Required work: Would you copy only the lines below, from the one containing "a white bed" through the very last one, leaving the pictures out?

── Data section ──

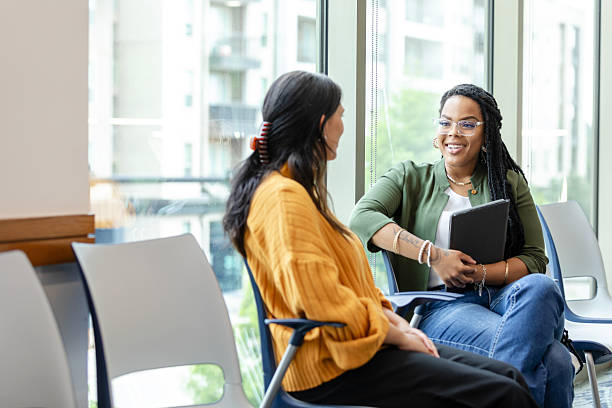 istock Two Diverse Women in Casual Clothing Having a Discussion 2214263368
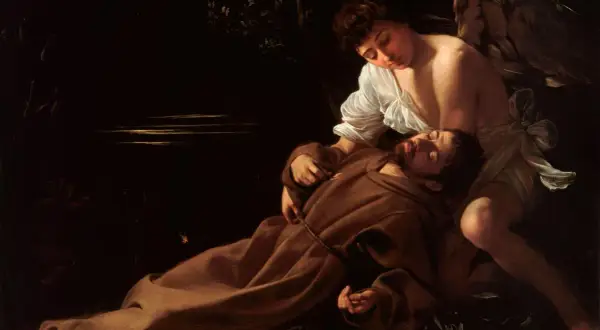 Anioł czuwa nad śpiącym świętym Franciszkiem. Caravaggio, mistrz światłocienia, ukazuje tu jeden ze swoich najsłynniejszych obrazów.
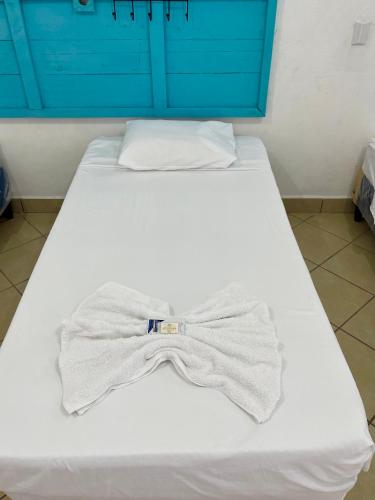 a white bed with a shirt and tie on it at Hostal Inn 2 in Flores
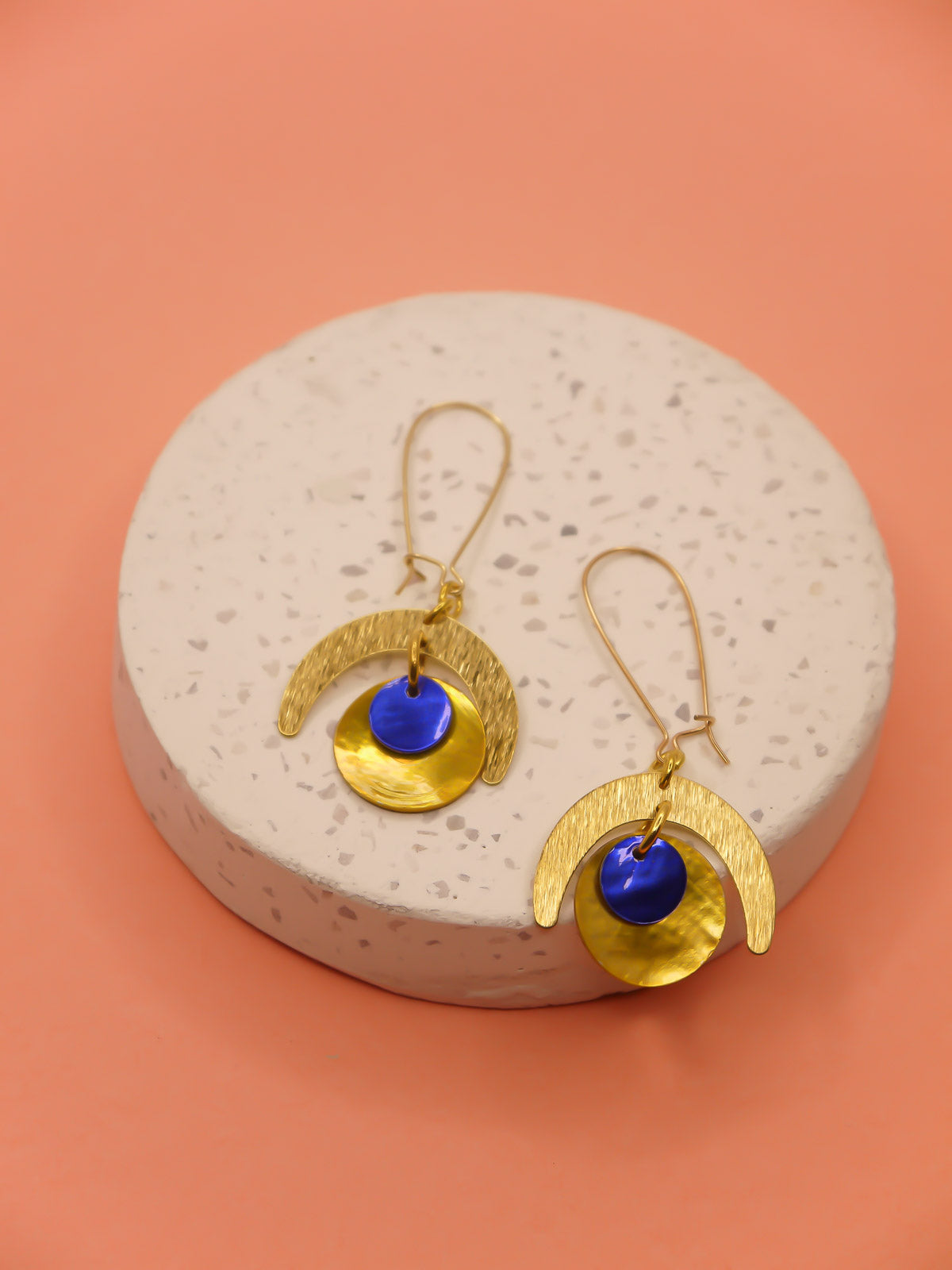 Lightweight geometric dangle earrings with a textured brass semi circle charm & a yellow shell disk with a blue shell disk overlapped, hung from gold plated kidney ear wires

───

The answer:
 a white bed with a shirt and tie on it at Hostal Inn 2 in Flores
 Lightweight geometric dangle earrings with a textured brass semi circle charm & a yellow shell disk with a blue shell disk overlapped, hung from gold plated kidney ear wires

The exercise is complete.